Task directions: Leave out every picture and set down, exactly, the lines below from the one holding "Using best practices" up to and including the one holding "In this iMindmap".

Exercise inputs:
-- Opening Marker --

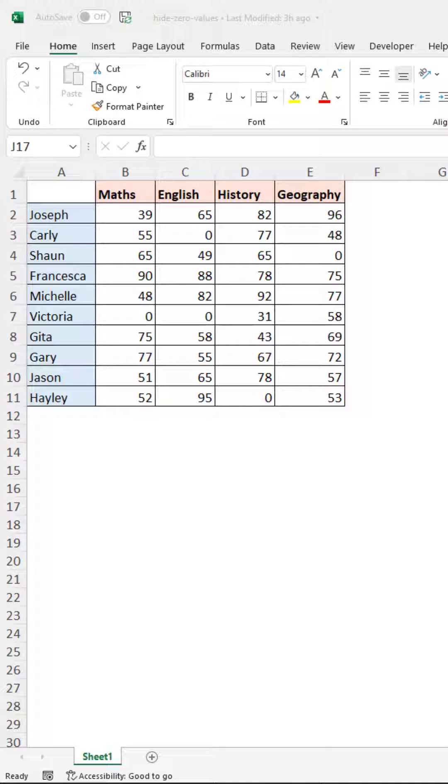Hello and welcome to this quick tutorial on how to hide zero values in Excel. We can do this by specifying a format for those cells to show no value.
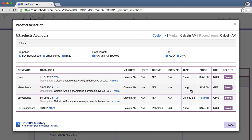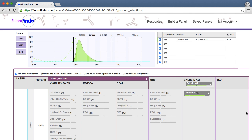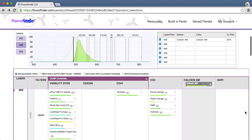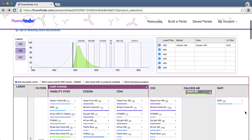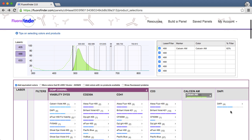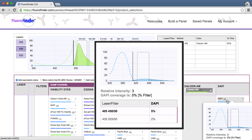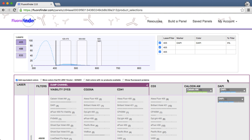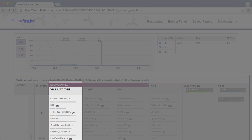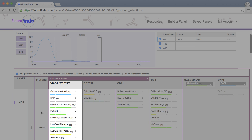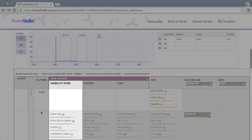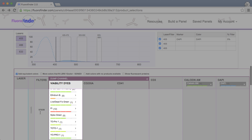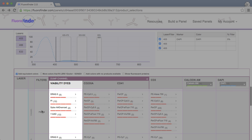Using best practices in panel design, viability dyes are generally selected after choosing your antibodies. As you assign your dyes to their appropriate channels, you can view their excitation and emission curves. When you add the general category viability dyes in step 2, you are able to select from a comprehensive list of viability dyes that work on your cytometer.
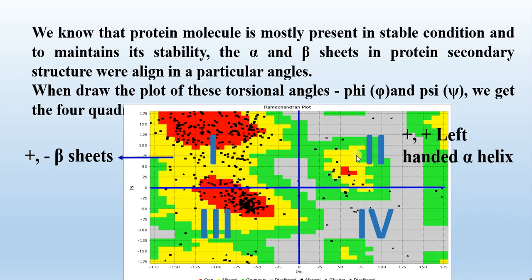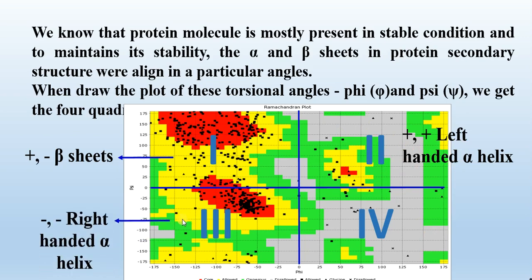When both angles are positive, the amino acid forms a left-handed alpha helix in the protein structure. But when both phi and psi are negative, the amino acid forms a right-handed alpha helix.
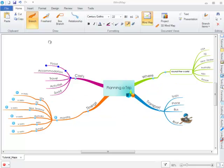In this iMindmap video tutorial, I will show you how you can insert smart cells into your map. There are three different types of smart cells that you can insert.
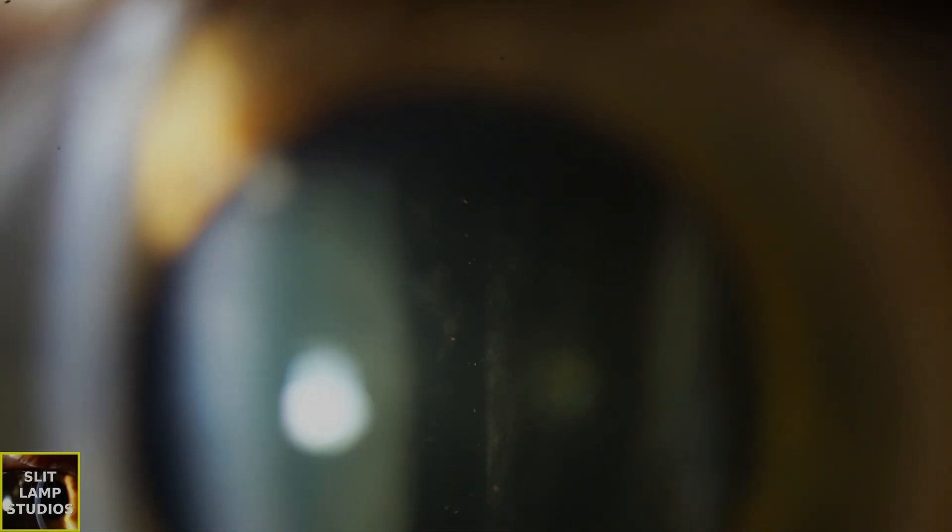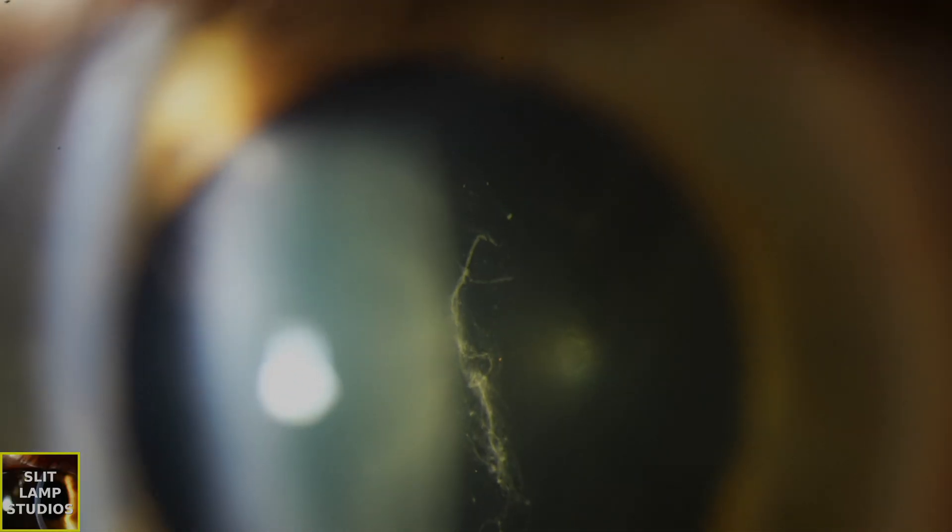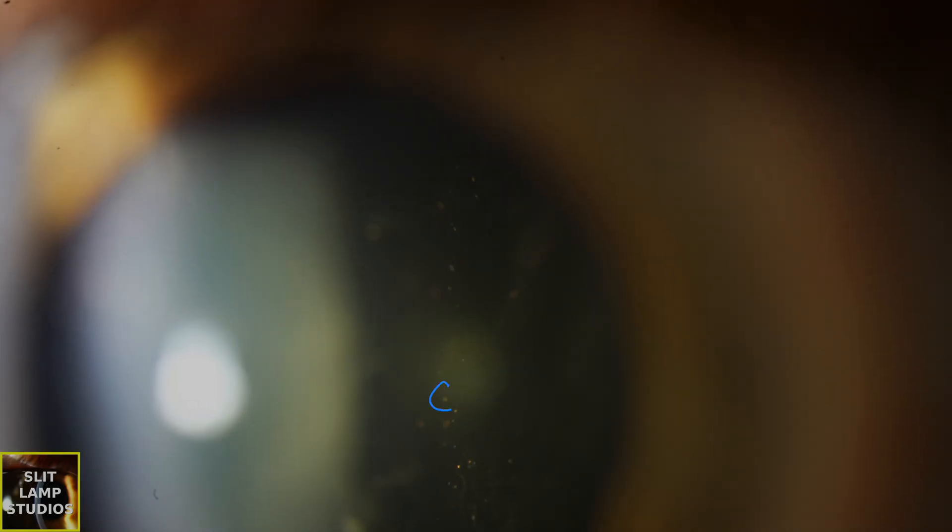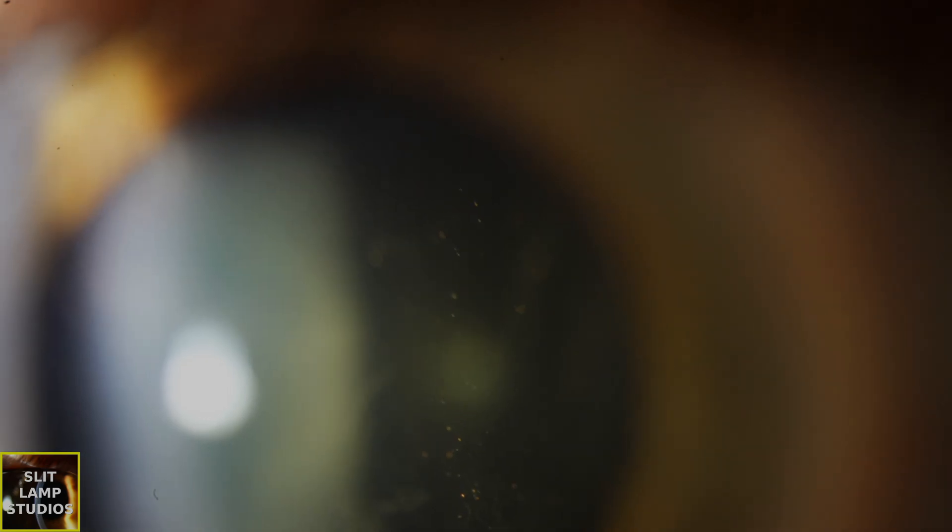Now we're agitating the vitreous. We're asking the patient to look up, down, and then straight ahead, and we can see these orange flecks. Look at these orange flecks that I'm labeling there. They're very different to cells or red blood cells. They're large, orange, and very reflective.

-- Closing Marker --

Response to this exercise:
Using best practices in panel design, viability dyes are generally selected after choosing your antibodies. As you assign your dyes to their appropriate channels, you can view their excitation and emission curves. When you add the general category viability dyes in step 2, you are able to select from a comprehensive list of viability dyes that work on your cytometer.
When both angles are positive, the amino acid forms a left-handed alpha helix in the protein structure. But when both phi and psi are negative, the amino acid forms a right-handed alpha helix.
In this iMindmap video tutorial, I will show you how you can insert smart cells into your map. There are three different types of smart cells that you can insert.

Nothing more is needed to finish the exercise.